Is it Time for Your Building Checkup?
Reprinted by permission of the General Council on Finance and Administration and the Academy of Church Business Administration.
As we age, our bodies start to wear out. As we get older, it is a good idea to get a regular medical checkup. The same is true for church buildings. What you do not know about your building could be costly. A building checkup, or facility condition assessment, requires expert help. Here is a checklist for a church building checkup:
1. DOCUMENTS: Do you have all building records? Do you have copies of the plans for each expansion and renovation? Are all plans, property surveys, deeds and legal descriptions stored safely, so you can get them when you need them? Scan your important documents to a secure cloud storage platform, and store the originals in a safety deposit box or fireproof safe. Valuable records are called “valuable” for good reason.
2. HISTORY: It is important to know when each building phase was constructed and when the most recent improvements were completed so you will have some idea of when to schedule upcoming maintenance.
3. ROOFING: Roofing wears out. What is the age and life expectancy of the roofing? Do you have adequate funds set aside for roofing replacement? Should you consider replacement roofing with a longer life expectancy?
4. HVAC: How well is the air conditioning and heating system working? What is the age of each major component and when were they last serviced or replaced? Do you have funds in reserve to replace HVAC equipment as it wears out? Have you considered an annual maintenance contract? Does the age of your HVAC system indicate it may be inefficient?
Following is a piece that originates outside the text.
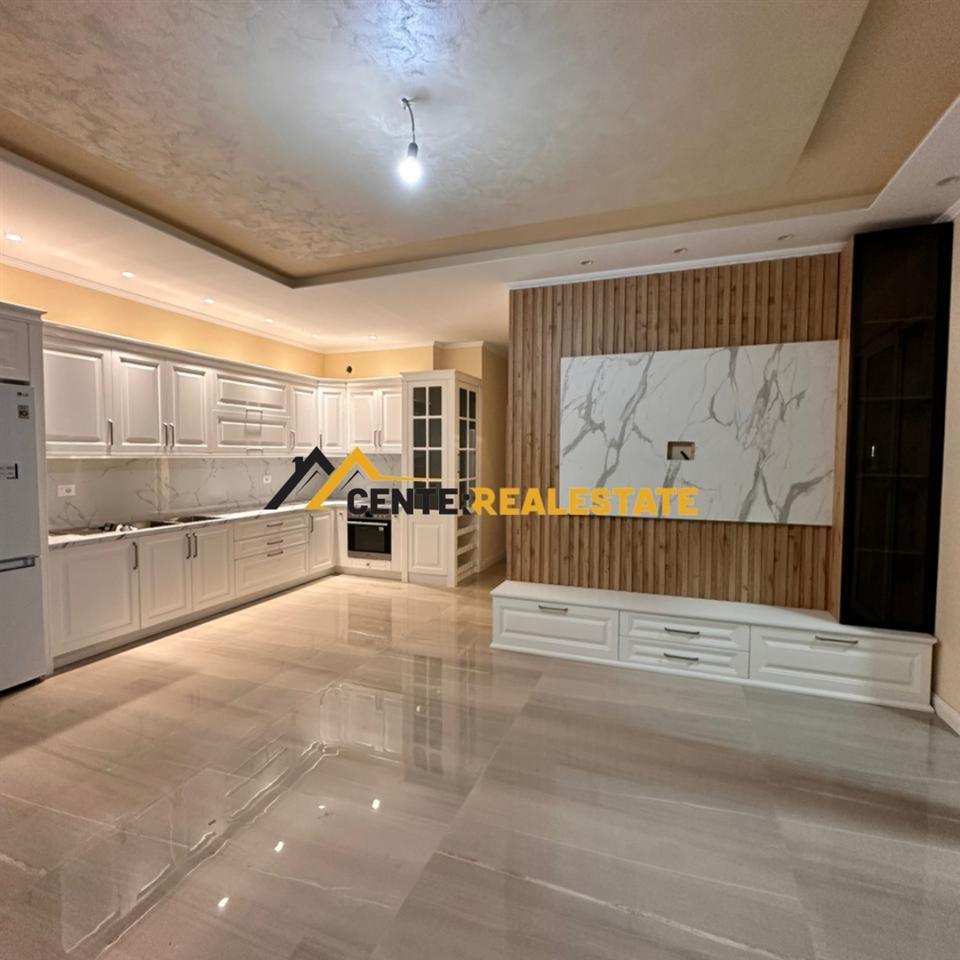 JEPET ME QIRA APARTAMENT 3+1+2 I SUPER MOBILUAR, ELBASAN.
Is it possible that the cost of more efficient equipment could be recovered in a reasonable time if new high- efficiency equipment were installed when existing equipment wears out?
5. ELECTRICAL: What is the condition of the electrical system? Does it meet code and is it safe? Do you have old inefficient lighting that could be replaced with much higher efficiency lighting? One efficiency upgrade being implemented by churches includes retrofitting major building areas with motion-sensor light switches so lights are on only in rooms that are occupied. Could the operational savings pay for these upgrades? What is the long-term return on the investment?
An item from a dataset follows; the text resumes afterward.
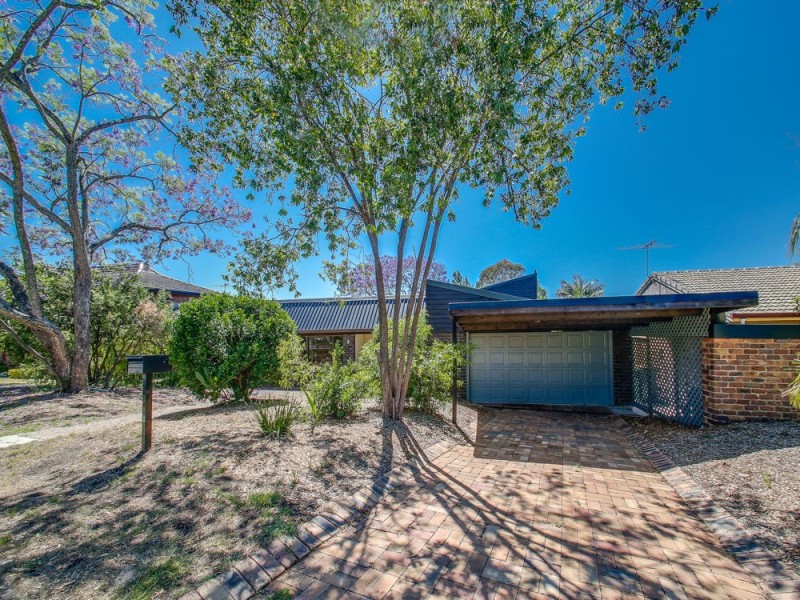 8 Dimboola Street, Bridgeman Downs QLD 4035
6. ENERGY AUDIT: Answers to these HVAC and lighting efficiency questions can be provided by an energy audit. Having your facility thoroughly inspected by a qualified energy auditor may reveal many potential long-term cost efficiencies. How do current utility costs compare to similar church facilities in your area?
7. FINISHES: What is the condition of major finishes, such as carpeting, tile and other flooring materials? What about surfaces that must be regularly painted? When will these finishes need to be replaced?
8. RESTROOMS: Are all restrooms clean, and are they easy to keep clean and maintain?
9. WINDOWS & DOORS: Are windows and doors in good condition? Do older windows have inefficient single-pane glass? Insulated double-pane glass was first widely used in the 1970s. After 20 or 30 years, the seal breaks down and an ugly film develops on the inside glass surfaces. This means the glass is no longer insulating, and it is time to reglaze or replace windows.
10. AUDIO: Is your worship center sound system functioning properly? Can your people hear, without distortions and echoes?
11. HAZARDOUS SUBSTANCES: Does your building have any dangerous substances present which could harm
building users? What about asbestos? Lead? Mold? A testing lab can check for the presence of these toxic materials.
12. CODES: Are there any building code or life-safety problems that could indicate potential hazards to building users? Are smoke detectors, fire alarms, fire extinguishers and other life-safety equipment fully functional? Have they been tested by qualified inspectors? If you have a sprinkler system, are you certain it will function properly in case of a fire?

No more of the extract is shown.